Monday, August 4, 2014

I found that yoga helped me respect and care for the energies within.  Yoga is a necessary counterpart to the Buddhist reality of selflessness.  Yoga provides a way to protect the self which is selfless, through the observation of the body's deeper realities.  For as we all know, if you do not protect the self in some way, you'll fall into other people's agendas and supposedly good times.  The nice person might put himself last, and there are problems with that set-up, because not everyone is as selfless.  If you do yoga, you know the energy within, something to care for, nurture, treat well.  The energies are mental, creative, athletic, sexual, graceful, full of insight, found while meditating with a clear mind, necessary to living life in the world.

Without that protective centeredness, I know, amazingly stupid things can happen.  Years can be wasted.  Relationships missed.  Growth stunted.  Things that happen when your own inner energies are scattered, distracted, occupied, co-opted.

The writer works from a kind of selflessness.  There is no competition in writing, no me, no "I did this!"  Hemingway's comparing of it to a prize fight, going round for round with the greats, Tolstoy, Shakespeare, etc., has the bluster of a ludicrous joke.  A writer must read, as anyone must have a mind composed most largely of other people's thoughts, the traditions of wisdom.  A writer has no real sense of ownership, but of a lucky simple flow, a comfort with the simplicity of writing, a kind of courage to just do it, rather than hiding from the thoughts that must pass through the mind, taking them on, the process, comparable to digestion, natural, necessary, self-defense, nourishing, somehow profoundly satisfying.  You must take time to do it, which entails finding the present moment, taking a chunk of time out of the structure of a day, fitting it in along with exercise, yoga, housekeeping, work.  It may well be the social life that takes a hit.  But when you do it, you are participating in something, and that something is ultimately social.  There is the great democracy of reader and writer, writer and reader, interchanging, equal, somewhat different, a cooperation, a hope for simple useful truths, good in the everyday world.  Emily Dickinson was such an achiever.  Lincoln too, as he was called upon.
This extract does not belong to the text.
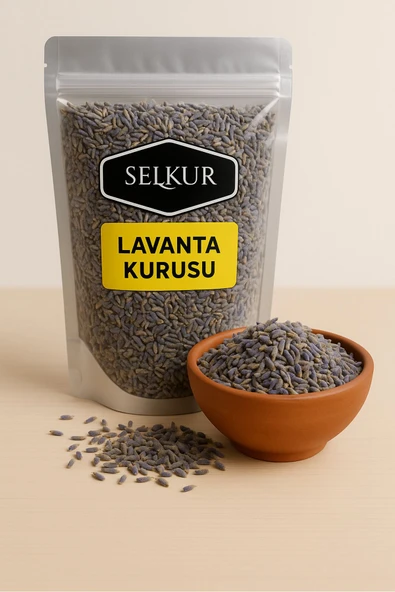 SELKUR  Lavanta Kurusu 100gr (DOĞAL,BOYASIZ) ürün görseli 1
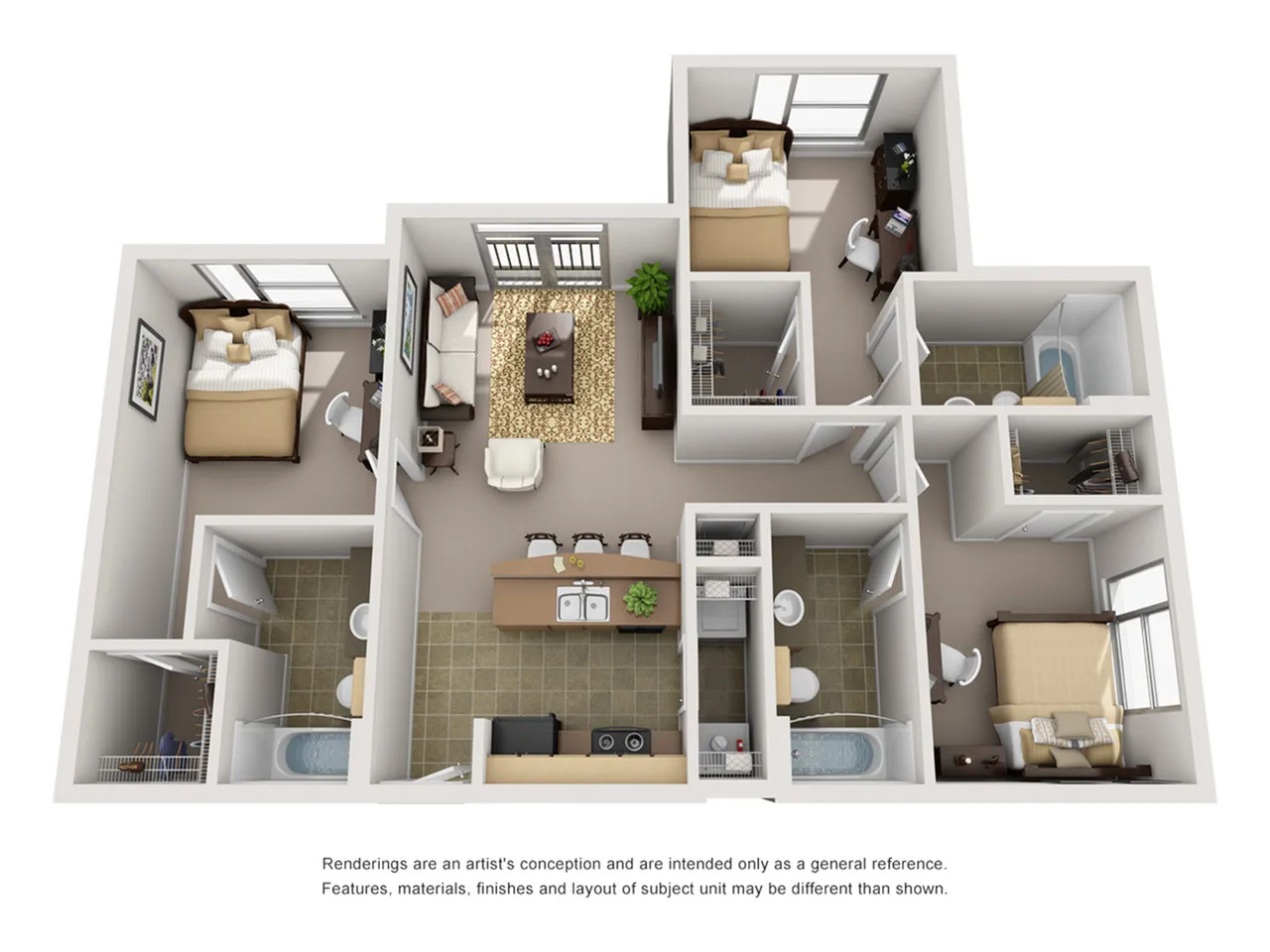 3 bedroom apartment baton rouge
I find a form of refuge out on the bike in the park, the roads through the trees, the light, the rolling landscape.  The long miles bring a kind of anonymity, a relief from the heaviness of a self to protect.  I was never good at self-protection anyway, not a desirable quality in a mate, it would seem.  I wanted the worldly world to be kinder than it was, and so I needed my rides.  I put in my efforts and they make me feel good, and then I would take that home and meditate upon the benefits and the nature I'd experienced along the way.  It was never about competition, but about learning what the body could do.  One pass down Beech Drive, followed by another, experiments with gear and cadence, reading how fast I was going on the little cycling computer on the handlebars, different positioning, breathing, it is all good exercise.  And maybe, yes, you have to make a choice, sacrifice catching up with your good old friends.  Maybe you're chewing on something anyway, a work problem, a transition, a need to stand up for the inner energies of your selfless self.  The fresh air does you good.

The bike rides give me ballast to take care of the writer, to put aside all the other voices, particularly the go out and have a drink and be social stuff, I'm afraid.  The worst thing for a writer is to not be making any headway.

The things you write, from the deeper inspirations, may look awkward to you, or look like maybe you were reaching for too much.  But often times, they turn about to be correct and true, an interesting insight, something that needed to be said, synthesized out of all the other wisdom you may run across.